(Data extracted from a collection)
------------

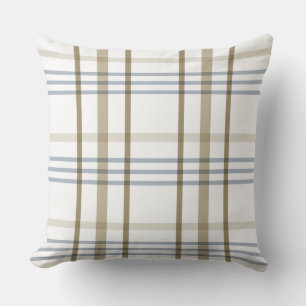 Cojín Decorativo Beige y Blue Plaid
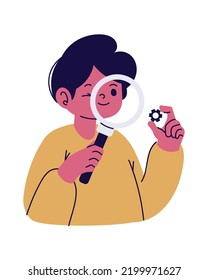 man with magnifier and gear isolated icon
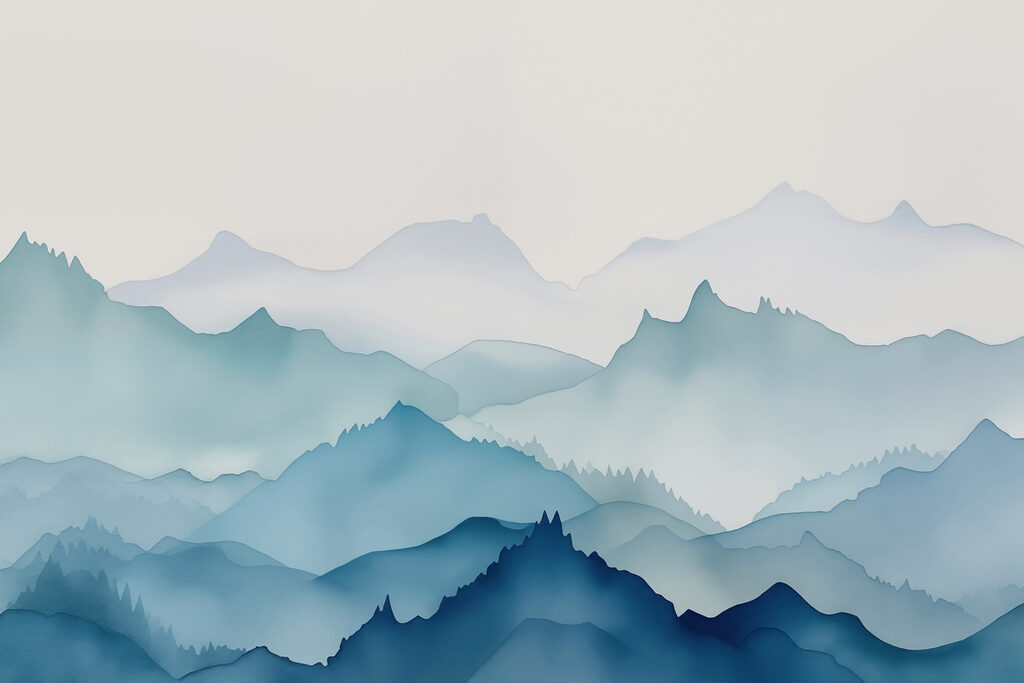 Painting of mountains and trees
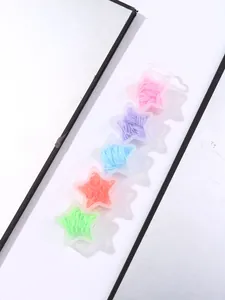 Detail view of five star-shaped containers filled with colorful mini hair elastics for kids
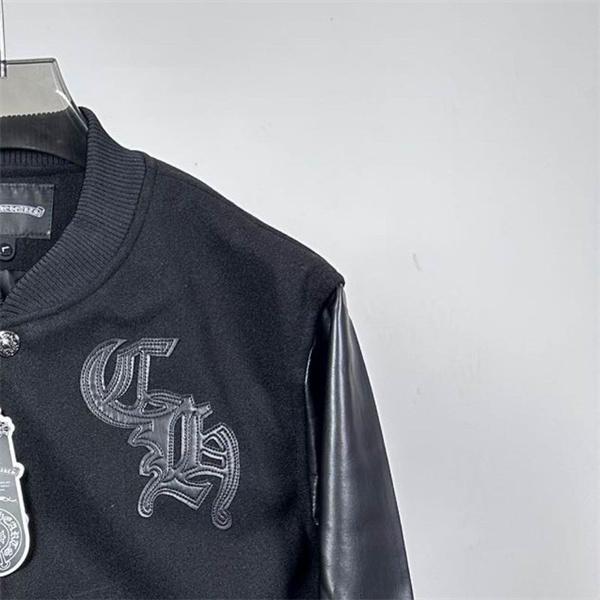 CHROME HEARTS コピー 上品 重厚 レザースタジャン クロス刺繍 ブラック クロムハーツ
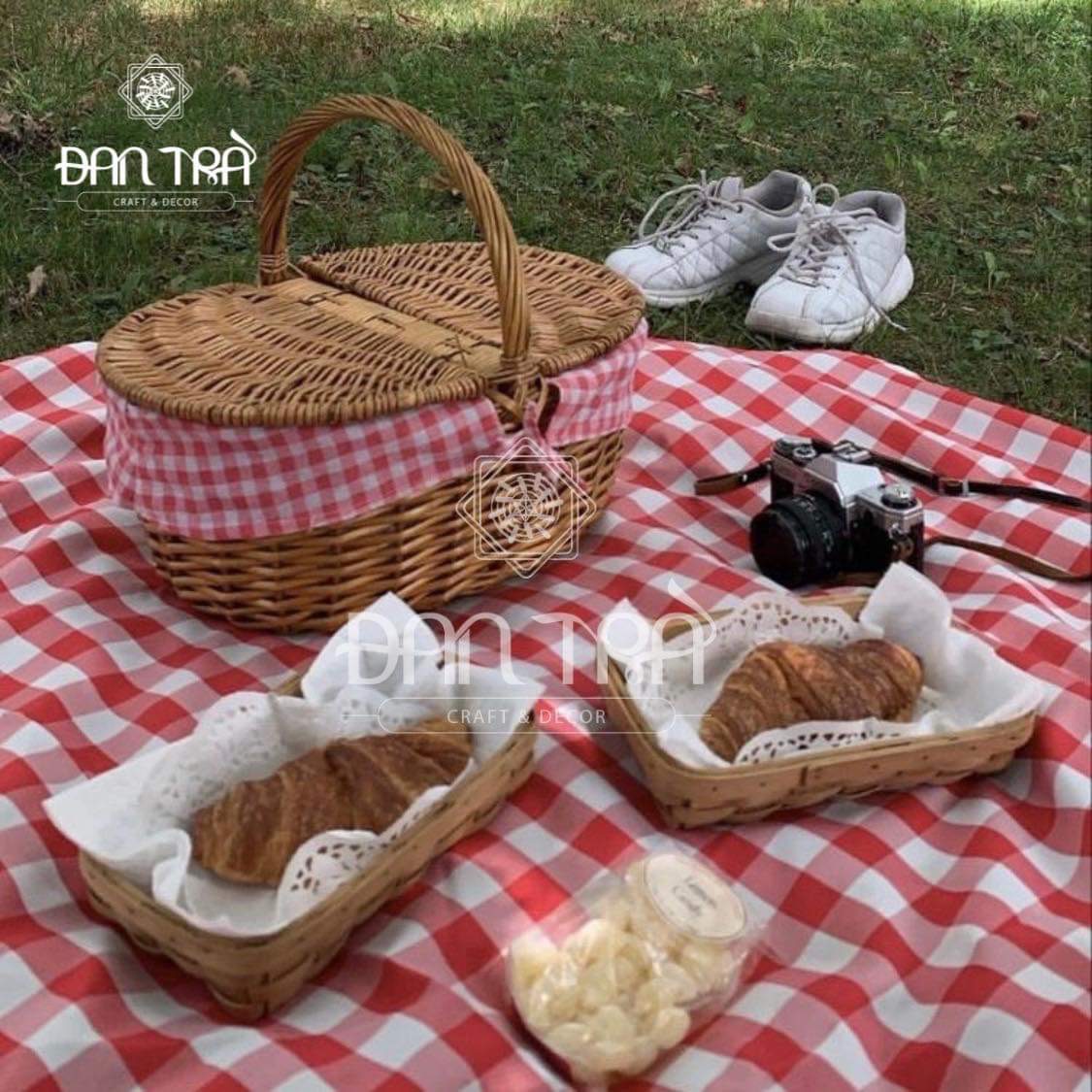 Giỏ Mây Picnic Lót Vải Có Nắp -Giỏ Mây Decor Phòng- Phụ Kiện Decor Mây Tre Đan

------------

-- Directions for this task --
Retype each record exactly as it stands, but do not include the pictures.

-- Reply to the exercise --
 Cojín Decorativo Beige y Blue Plaid
 man with magnifier and gear isolated icon
 Painting of mountains and trees
 Detail view of five star-shaped containers filled with colorful mini hair elastics for kids
 CHROME HEARTS コピー 上品 重厚 レザースタジャン クロス刺繍 ブラック クロムハーツ
 Giỏ Mây Picnic Lót Vải Có Nắp -Giỏ Mây Decor Phòng- Phụ Kiện Decor Mây Tre Đan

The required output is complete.